= Auvergne Station =

Pastoral lease in the Northern Territory

Auvergne Station, often just referred to as Auvergne, is a pastoral lease that operates as a cattle station in the Northern Territory of Australia.

==Location==
It is located about 50 km west of Timber Creek and 137 km east of Kununurra, in the Northern Territory but close to the border of Western Australia. Auvergne shares a boundary with Bullo River Station to the north, Newry to the west and the Winan Aboriginal Land Trust to the south. The Victoria Highway and the Auvegne Stock Route both bisect the property from east to west.

==Description==
Occupying an area of 4142 km2 of which about half is forested country, a quarter of which is open plains well covered in mitchell and flinders grasses. The last quarter is made up of red loam river country and coastal flood plains. The property is capable of carrying 32,000 head of stock and annually turns off 10,000 head to markets in Asia via the port of Wyndham in Western Australia. The property is currently operated by Clean Agriculture and International Tourism.

Several watercourses run through the property including the Bullo River, Baines River, East Baines River, Blackfellow Creek and Snake Creek with the Victoria River forming the northern boundary.

==History==
Auvergne was established in 1886. The initial owner was John Arthur Macartney, who had 2,000 cattle overlanded to Auvergne in 1886 with another 8,000 on the road behind them. Sam "Greenhide" Croker was one of the first station managers at Auvergne. He was shot dead in 1892 during a game of cards by an Aboriginal stockman named Charley Flannigan. Flannigan was arrested at Ord River Station and escorted to Darwin for trial, where he was found guilty and duly executed in 1893. Flannigan was the first person legally executed in the Northern Territory.

The notorious Jack Watson took over management at Auvergne after the death of Croker but only lasted a year, resigning in 1894.

The property was acquired by Francis Connor and Denis Doherty in 1896, by this stage the station occupied an area of 2000 sqmi with frontage onto the Victoria River. It was stocked with approximately 7,000 head of cattle and 300 horses and was to be managed by Mr Desmond. By 1897 Michael Durack became a part-owner of the station.

Flanagan was arrested at Ord River Station and escorted to Darwin for trial.
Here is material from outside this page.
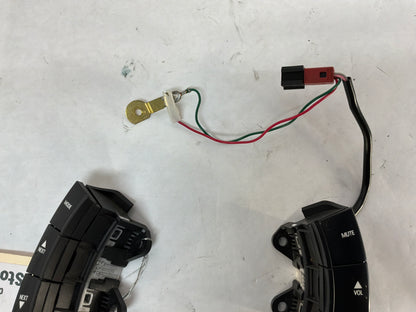 2005 Pontiac GTO Steering Wheel Radio Control Buttons Switches OEM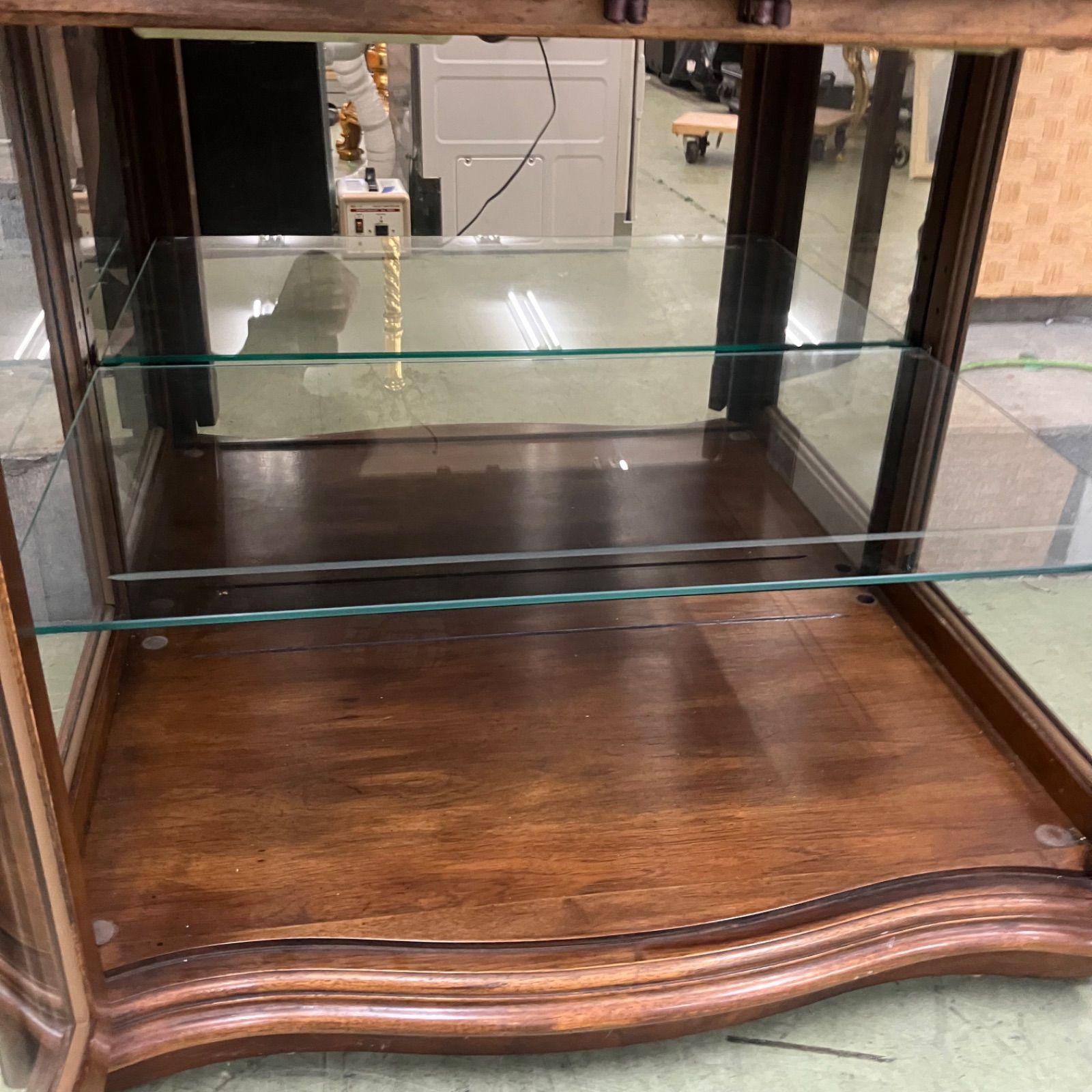 美品！DREXEL 約300万円 Grand Villa 飾り棚 ドレクセル 美品！DREXEL 約300万円 Grand Villa 飾り棚 ドレクセル - メルカリ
Flanagan was tried, found guilty and duly executed in 1893.

By 1905 the size of the station was estimated at 1640 sqmi and had a herd of approximately 20,000 shorthorn cattle said at the time to be "in splendid condition". The recent seasons had been good and the Baynes River East and Baynes River east were both flowing with the billabongs and lakes all full of water.

A stockman named Alexander McDonald was murdered by Aboriginal people at Auvergne in 1918, he was found by the station manager, Archie Skulthorp, with a spear in his back and the "tracks of a big mob of natives" leading off into the bush.

By 1923 the size of the property was estimated at 5900 sqmi and it was one of the larger runs in the Northern Territory, although it was less than half the size of the largest of the day, Victoria River Downs, which occupied 13100 sqmi.

An Aboriginal murderer known as "Tiger" was murdered himself at Auvergne in 1953. Tiger was killed by another Aborigine man known as "Split Lip Dick", who fled into the bush with Tiger's young wife. Over 5,000 unbranded scrub bulls had to be shot at the property in the same year. Most of were thought to have come from neighbouring Victoria River Downs, which was a far less developed property. Auvergne had a herd of about 18,000 head in 1953. At about the same time the property had been acquired by the Peel River Land and Mineral Company along with Headingly Station in Queensland.

In 2010 the station manager, Stuart McKechnie, found the fossilised remains of a diprotodon sticking out of a riverbank on the property. Although lacking a tail and a head, the skeleton was almost completely intact. McKechnie kept the remains a secret for two years before palaeontologists from the Museum and Art Gallery of the Northern Territory came to excavate it in 2012.